Re: logical decoding and replication of sequences, take 2

From: Tomas Vondra <tomas(dot)vondra(at)enterprisedb(dot)com>
To: "Hayato Kuroda (Fujitsu)" <kuroda(dot)hayato(at)fujitsu(dot)com>, Amit Kapila <amit(dot)kapila16(at)gmail(dot)com>
Cc: "Zhijie Hou (Fujitsu)" <houzj(dot)fnst(at)fujitsu(dot)com>, Ashutosh Bapat <ashutosh(dot)bapat(dot)oss(at)gmail(dot)com>, PostgreSQL Hackers <pgsql-hackers(at)lists(dot)postgresql(dot)org>, Masahiko Sawada <sawada(dot)mshk(at)gmail(dot)com>, Peter Eisentraut <peter(dot)eisentraut(at)enterprisedb(dot)com>, Dilip Kumar <dilipbalaut(at)gmail(dot)com>
Subject: Re: logical decoding and replication of sequences, take 2
Date: 2023-12-02 00:23:08
Message-ID: c6a08e9d-7b08-76d4-197d-fab54039ed91@enterprisedb.com
Views: Raw Message | Whole Thread | Download mbox | Resend email
Thread:
Lists: pgsql-hackers

On 12/1/23 12:08, Hayato Kuroda (Fujitsu) wrote:
> Dear Tomas,
>
>> I did some micro-benchmarking today, trying to identify cases where this
>> would cause unexpected problems, either due to having to maintain all
>> the relfilenodes, or due to having to do hash lookups for every sequence
>> change. But I think it's fine, mostly ...
>>
>
> I did also performance tests (especially case 3). First of all, there are some
> variants from yours.
>
> 1. patch 0002 was reverted because it has an issue. So this test checks whether
> refactoring around ReorderBufferSequenceIsTransactional seems really needed.

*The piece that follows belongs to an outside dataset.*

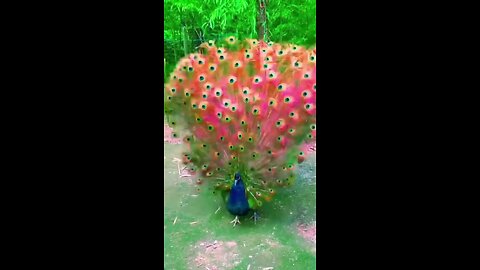 Beautiful Peacock Dance 😍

FWIW I also did the benchmarks without the 0002 patch, for the same
reason. I forgot to mention that.

> 2. per comments from Amit, I also measured the abort case. In this case, the
> alter_sequence() is called but the transaction is aborted.

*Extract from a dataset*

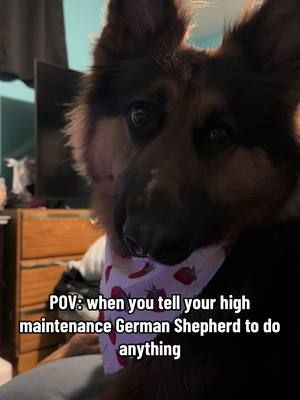 yes mom and????  #dogsoftiktok #germanshepherd #gsd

> 3. I measured with changing number of clients {8, 16, 32, 64, 128}. In any cases,
> clients executed 1000 transactions. The performance machine has 128 core so that
> result for 128 clients might be saturated.

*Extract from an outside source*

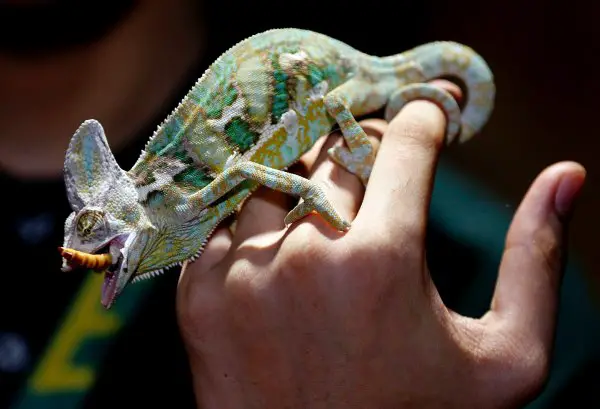 A green and gray chameleon on a persons hand eating a brown insect.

> 4. a short sleep (0.1s) was added in alter_sequence(), especially between
> "alter sequence" and nextval(). Because while testing, I found that the
> transaction is too short to execute in parallel. I think it is reasonable
> because ReorderBufferSequenceIsTransactional() might be worse when the parallelism
> is increased.
>
> I attached one backend process via perf and executed pg_slot_logical_get_changes().
> Attached txt file shows which function occupied CPU time, especially from
> pg_logical_slot_get_changes_guts() and ReorderBufferSequenceIsTransactional().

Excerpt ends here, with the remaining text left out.